The net interest income is INR 5,247 crore, a growth of 17% from the last financial year. The loan book has reached its highest-ever level at INR 5.85 lakh crore. The net credit impaired assets have continuously reduced and now are at 0.24%. The net worth of REC has also reached its highest-ever level, which is INR 79,688 crore. The capital adequacy ratio of REC stands comfortably at 23.98%, as against a requirement of 15%, which gives us enough cushion for future growth. On the key ratios front, the yield has improved to 10.08% from 9.99% from the last financial year. The cost of funds is at 7.12%. The interest spread is at 2.96%. The NIM has improved from 3.64% from the last year to 3.74%. The return on net worth has improved to 22.63%. The interest coverage ratio stands comfortably at 1.63 x, and the debt-equity ratio is at 6.38 x.

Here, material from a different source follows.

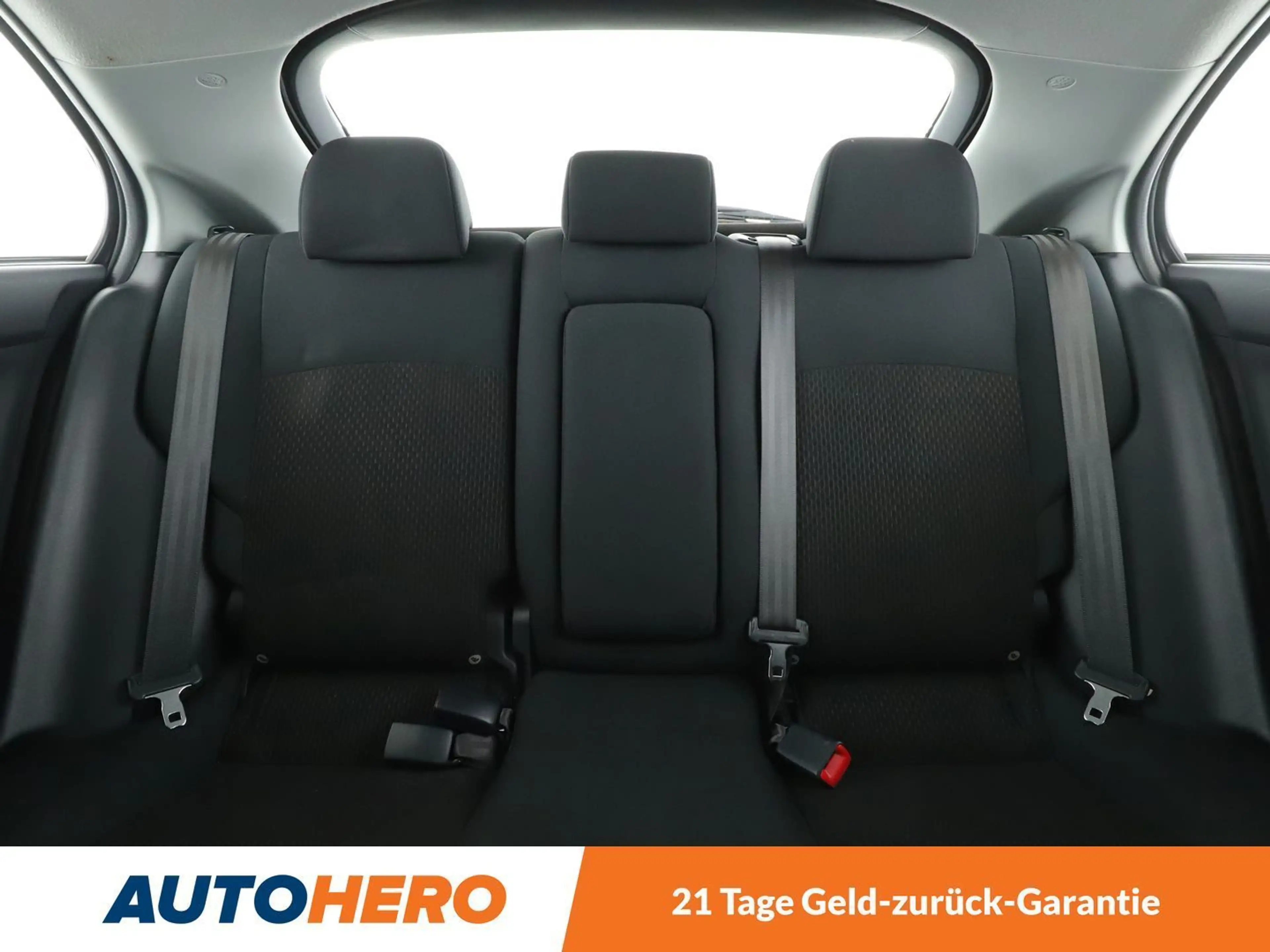 Mitsubishi Lancer 1.6 Basis *START/STOP*KLIMA*GARANTIE*AHK* — photo 14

The statement of profit and loss and the balance sheet are also available in the presentation as available on the website of REC. I shall now quickly take you through the ESG initiatives taken by REC. The ESG policy was adopted by the Board of REC in January 2023. From thereon, we have achieved various milestones in various areas, and most recently, we are happy to inform you that the corporate office of REC at Gurugram is being now operated by 100% green energy. As a stepping stone for India's energy transition, REC's lending strategies are tailored to align with India's commitment to harness clean and green energy sources. Till date, REC has sanctioned more than 57,000 megawatt-plus projects, which have the capability of emission avoidance potential of 65 million tons, equivalent to 2.62 billion trees.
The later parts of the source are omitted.